O’Connor “is someone who is willing to impose remedies where he takes access to care away from everybody in the country,” said Gretchen Borchelt, vice president of reproductive rights and health at the National Women’s Law Center.

A lack of federal requirements for birth control coverage would leave it up to the states to mandate what insurers have to provide. Fourteen states and D.C. currently protect the right to contraception.

But states can go only so far with those rules, because of a federal law that prevents them from regulating employer-funded health plans, which cover about 65 percent of workers.

“If the plaintiffs win here, it would leave significant gaps in coverage that states would be unable to fill,” Baron said.

KFF Health News is a national newsroom that produces in-depth journalism about health issues and is one of the core operating programs at KFF — an independent source of health policy research, polling and journalism.

On the Hill

Bill to boost competition in drug market breezes through Senate

The Senate unanimously passed the Affordable Prescriptions for Patients Act, which seeks to curb anticompetitive practices in the drug market.
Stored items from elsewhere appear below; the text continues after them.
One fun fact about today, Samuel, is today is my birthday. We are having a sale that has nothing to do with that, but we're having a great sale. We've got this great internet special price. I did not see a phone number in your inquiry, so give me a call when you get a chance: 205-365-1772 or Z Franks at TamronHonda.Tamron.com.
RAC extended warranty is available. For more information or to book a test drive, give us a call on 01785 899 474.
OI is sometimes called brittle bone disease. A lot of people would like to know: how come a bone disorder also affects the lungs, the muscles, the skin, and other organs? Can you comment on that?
The bill now heads to the House for consideration.

The details: Spearheaded by Sens. John Cornyn (R-Tex.) and Richard Blumenthal (D-Conn.), the legislation aims to crack down on “patent thickets” that delay competition by limiting how many patents a manufacturer can contest in scenarios outlined in the bill.

Hardworking Americans in Texas and across the country pay too much for prescription drugs.
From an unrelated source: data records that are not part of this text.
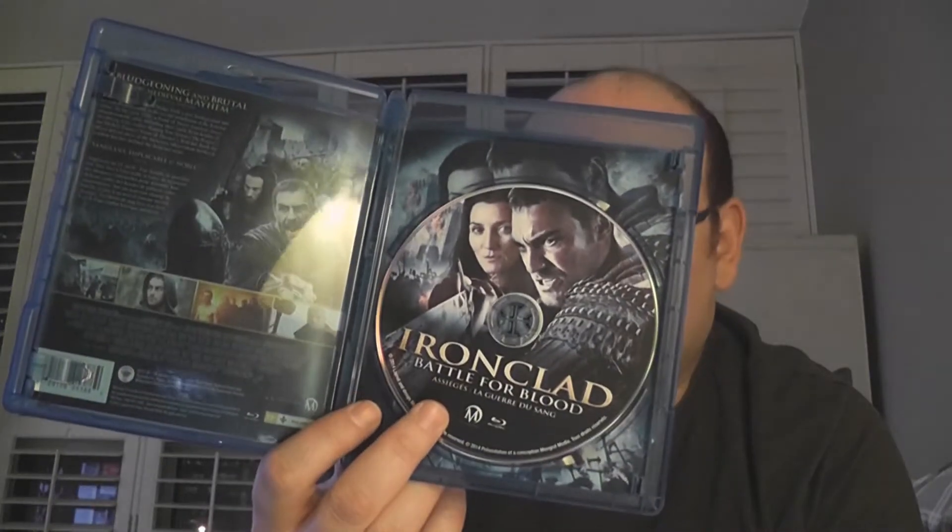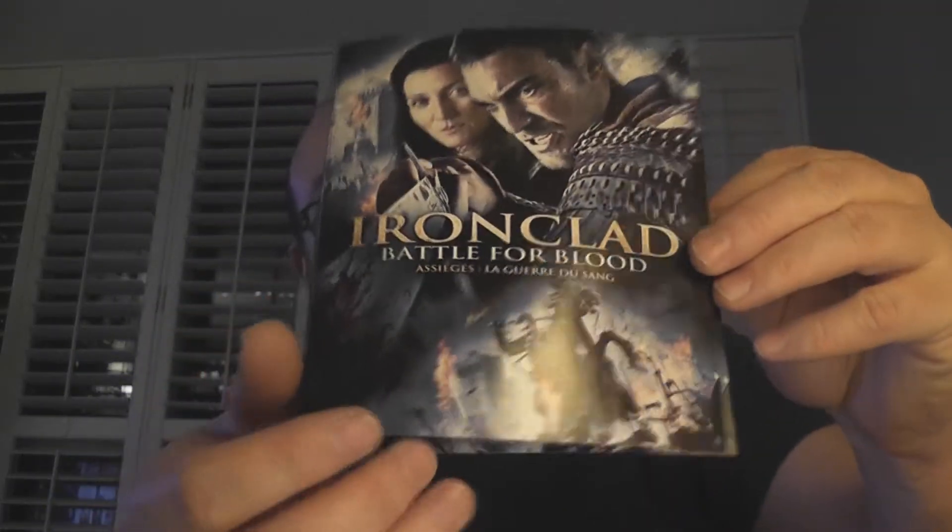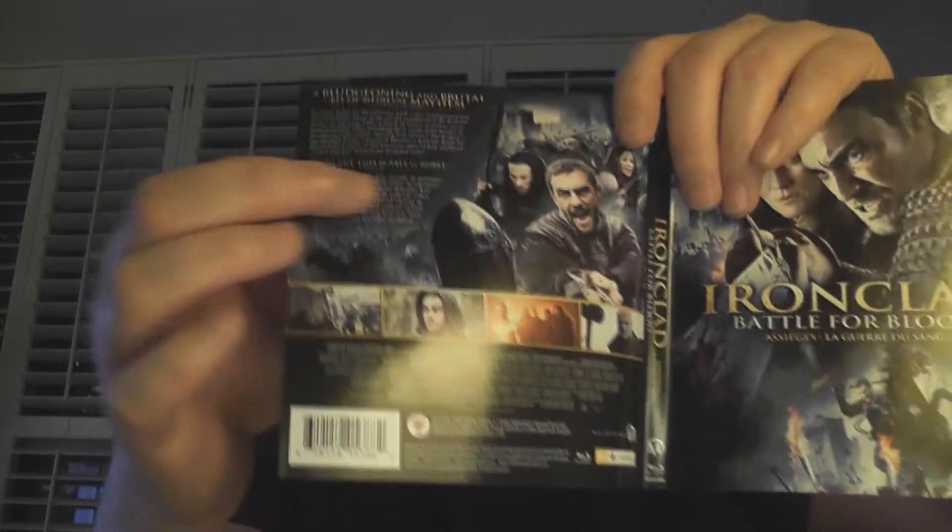When we open it up we've got disc art, which is the front cover. There is reversible artwork, which you would think would be the French version, but instead it's exactly the same as the front cover. Here's the original back — English, French — and the reversible back is all English.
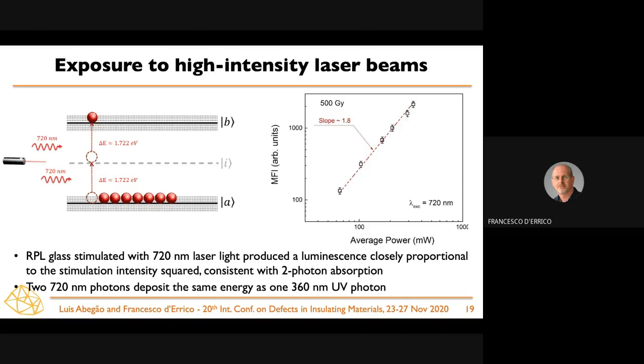By increasing the laser power, the fluorescence followed a quadratic power-law dependence on stimulating intensity — as expected from two-photon absorption — confirming that absorption of two 720 nm photons is equivalent to stimulation by a single 360 nm UVA photon known to produce excitation in irradiated RPL glass. We then took a pristine, previously unirradiated piece of glass and exposed it to the maximum intensity of the 720 nm laser. After allowing it to sit for 24 hours, our reader detected the creation of color centers, suggesting that three-photon absorption had taken place. Absorption of three 720 nm photons corresponds to absorption of a single ~240 nm photon, which carries 5.16 eV and is therefore able to cause ionization.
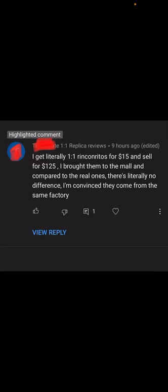Here's a message I got from a guy who saw another video I posted. He said he buys one Costa for $15 and sells them for $125. He brought them to the mall and compared them to real ones and said there's literally no difference — he's convinced they come from the same factory. There's no way they come from the same factory; these are definitely knockoffs.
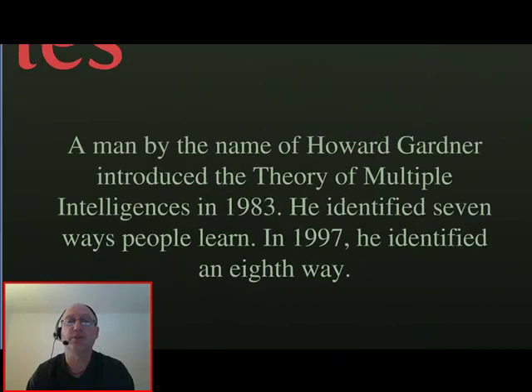One of the pioneers of learning styles was Howard Gardner. In 1983, he identified seven types of intelligences, or ways that people learn. He had an eighth way in 1997. Those types of intelligences or ways of learning are depicted on this graphic.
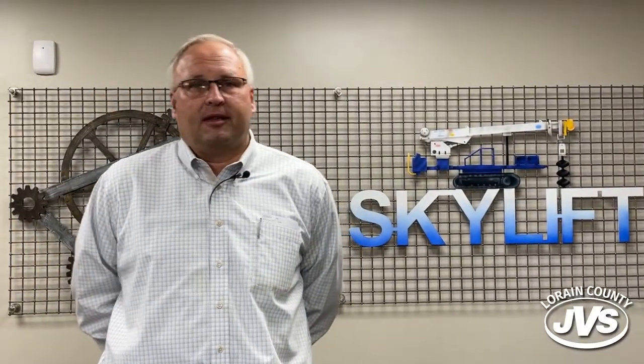Our partnership with JVS has been nothing short of phenomenal. We bring in students routinely, primarily for our welding application, and the students come out ready to go.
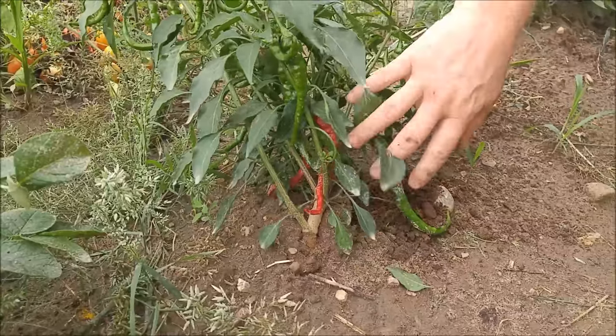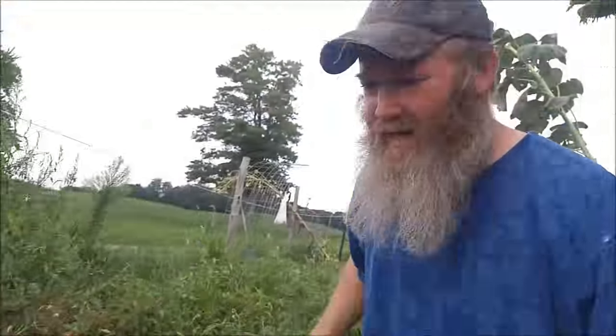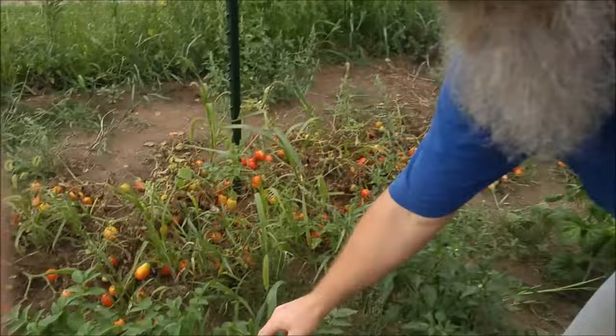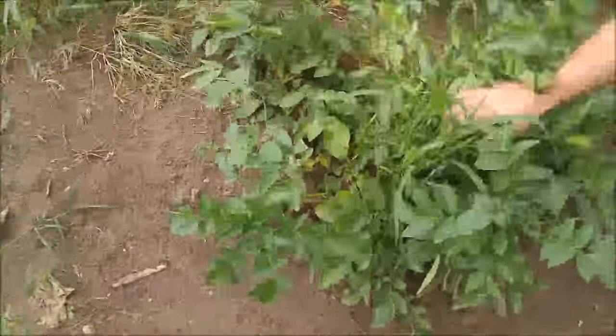Except for this cayenne pepper plant — these are saved seeds of ours from last year. The seeds were still originally from Baker Creek. But we'll be having plenty of — actually, we're not going to have red pepper flakes this year, we're going to have multicolored pepper flakes this year.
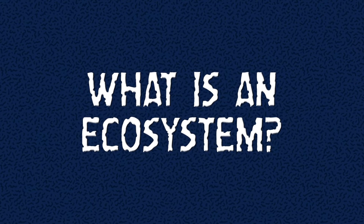An ecosystem is a biological community of interacting plants and animals and their physical environment. What do you think of when you think of an ecosystem? Do you think of a forest? Do you think of a jungle? Do you think of a desert? Do you think of a garden? A garden is also an ecosystem of interacting plants and animals working together to make the food you eat.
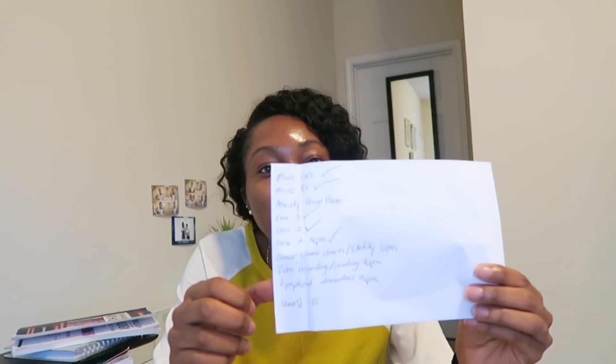This is one of my little to-do lists that I jotted down on paper — a couple of check marks, so I've gotten some things done.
I want to put a stop to it.

Today the Senate passed my bipartisan Affordable Prescriptions for Patients Act, which would help lower drug prices.

Learn more ⬇️…

— Senator John Cornyn (@JohnCornyn) July 11, 2024

correction

An earlier version of this newsletter incorrectly said that the Affordable Prescriptions for Patients Act targets “product hopping,” a tactic in which pharmaceutical companies extend their monopoly on a brand-name drug by slightly altering it just before a generic version becomes available. The provision was stripped from the final bill passed by the Senate. The newsletter has been corrected.

Meanwhile …

The Senate Appropriations Committee unanimously advanced bipartisan legislation to fund the Food and Drug Administration in fiscal 2025.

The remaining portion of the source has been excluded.